Most importantly, we look to be a value-add investor, and as such, we inspect each company for fit within our resource network.

Companies must be:

  • Revolutionizing ag and food to more sustainably feed the world
  • Business to Business product or technology
  • A legal entity
  • Scalable
  • Commercial ready

 

c. What geographies do you invest in?

 

 

We are geography agnostic – we’ll invest in any company, from anywhere. That said, we do consider geography in our investment choices – we’re a value-add investor, and it can be difficult for us to add value in certain geographies.

 

 

d. What stage companies do you invest in?

 

We like to describe ourselves as a “later stage accelerator.” We’re equally comfortable working with early stage to guide them as they raise seed financing as we are working with later stage companies to partner with strategics and to scale.

 

 

e. Do you take equity?

 

Yes, we take equity in exchange for investments. We also expect to receive warrant coverage for programming and mentorship. The terms of each equity investment are negotiated on a case-by-case basis because we believe that is the best way to serve our entrepreneurs.

 

 

f. Is there anything the Yield Lab won’t invest in?

 

We don’t invest in production facilities (farms) or businesses that rely solely upon direct-to-consumer sales.

 

 

g. What does the Yield Lab St. Louis offer?

 

  • $100,000 in equity investment
  • Access to our award-winning accelerator programming, which focuses on customers, collaborators, and capital
  • Individualized mentorship from our team
  • Access to The Yield Lab global network, including strategic corporate partners, producers, investors, entrepreneurs, and more

 

 

h.

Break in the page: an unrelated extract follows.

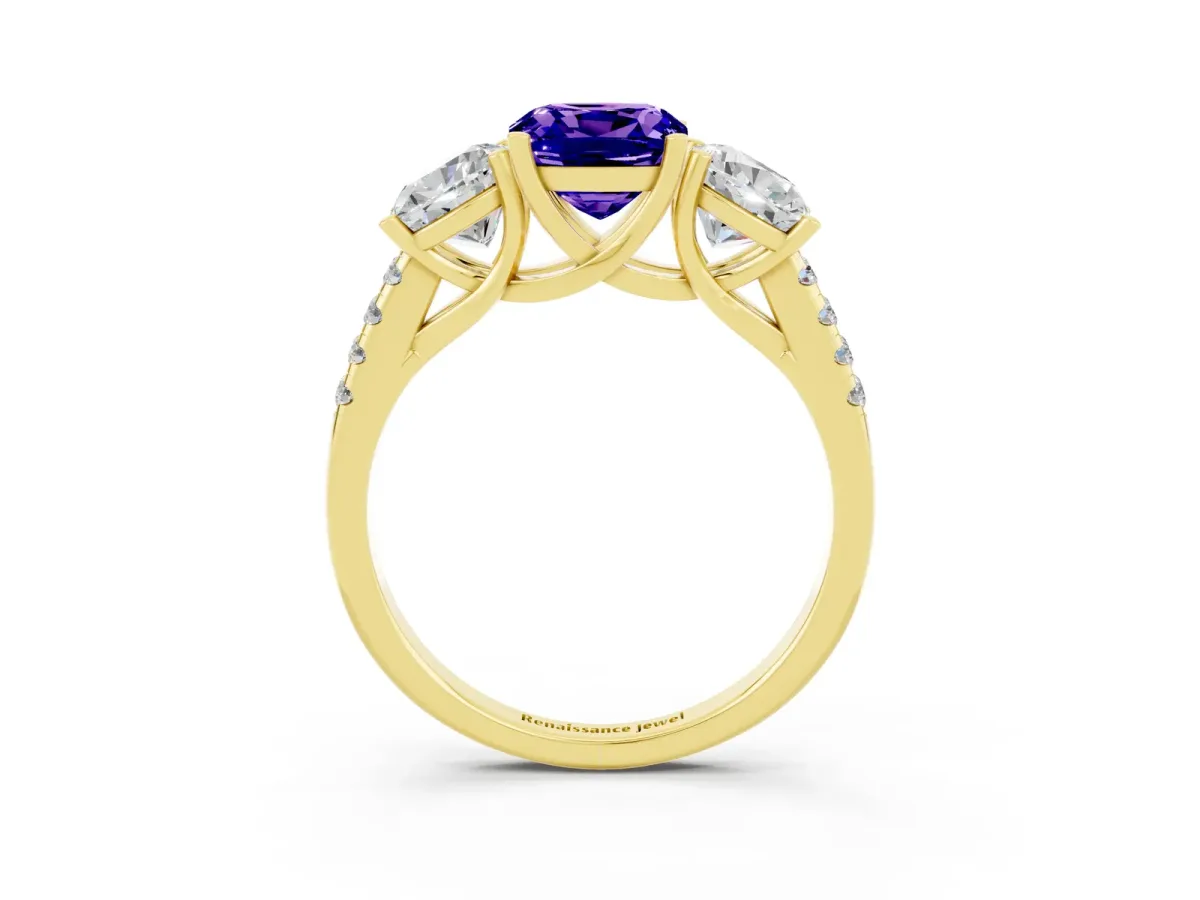 Three-Stone Cushion Cut Tanzanite Ring with Round Pavé Band and Prong Setting Yellow gold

What does the Yield Lab Europe offer?

 

  • $100,000 in equity investment
  •  Access to the premiere agtech accelerator program in Ireland
  • Individualized mentorship from our team
  • Access to The Yield Lab global network, including strategic corporate partners, producers, investors, entrepreneurs, and more

 

 

i. What does the Yield Lab LATAM offer?

 

  • $100,000 in equity investment
  •  Access to the premiere agtech accelerator program in Buenos Aires, Rosario, Sao Paulo and Saint Louis
  • Individualized mentorship from our team
  • Access to The Yield Lab global network, including strategic corporate partners, producers, investors, entrepreneurs, and more

 

 

j. Can I re-apply?

 

Absolutely. We intentionally keep our application concise and accessible so that entrepreneurs can apply easily and can update their application frequently. Frequently, the decision to pass on investment is due to timing, either on our end or yours. That said, we recognize that things change quickly, especially in the start-up world, and we love to see companies progress.